Francuz od kilku lat flirtuje z „Królewskimi” i to jest fakt, podobnie jak to, że przed rokiem złożyli oni za niego oficjalną ofertę. Paris Saint-Germain jej nie zaakceptowało, a piłkarz został w ojczyźnie. Ziarno zostało jednak zasiane.
Real Madryt trzyma rękę na pulsie, a w ostatnich miesiącach zdecydowanie przyśpieszył w kwestii zamknięcia transferu z udziałem 23-latka. Według „Sportu” piłkarz ma już przedwstępny kontrakt.
Madryckie media donosiły, że do czasu zakończenia dwumeczu z udziałem obu drużyn w Lidze Mistrzów nic nie zostanie podpisane. W rzeczywistości, jak podaje wspomniany dziennik, między jednym a drugim spotkaniem Hiszpanie ustalili z atakującym warunki współpracy. Na mocy porozumienia ważnego do 30 czerwca 2027 roku będzie on zarabiał 50 milionów euro brutto za sezon.
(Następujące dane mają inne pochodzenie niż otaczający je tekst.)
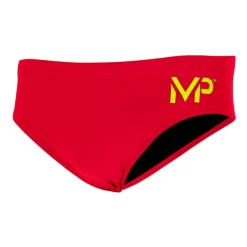 AQUA SPHERE Bañador Entrenamiento Rojo Michael Phelps 8 Cm Brief Hombre -Tienda Barata Nadar Equipo banador entrenamiento rojo michael phelps 8 cm brief hombre 2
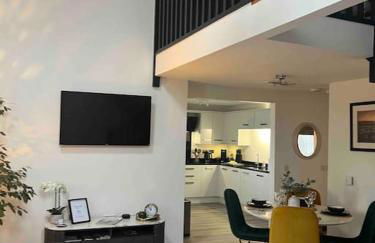 Watchhall, Annan, Dumfries & Galloway, Scotland Barn - 2 Bed - Foto 11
To samo źródło podkreśla, że oficjalne komunikaty są spodziewane po 21 maja, gdy wybrzmi ostatni akord sezonu w wykonaniu paryżan. W międzyczasie dojdzie jeszcze do rozmów w celu ustalenia ostatnich szczegółów.
Na najbliższy tydzień zaplanowano spotkanie matki i zarazem agentki gracza z „Los Blancos”. To na nim ma zostać przypieczętowane porozumienie zawarte ponad dwa miesiące temu.
Tymczasem ze swoich słów o pozostaniu Kyliana Mbappé na następny sezon wycofał się Mauricio Pochettino, mówiąc, że chodziło o… trwające rozgrywki, w których zdobył 35 bramek oraz zanotował 23 asysty.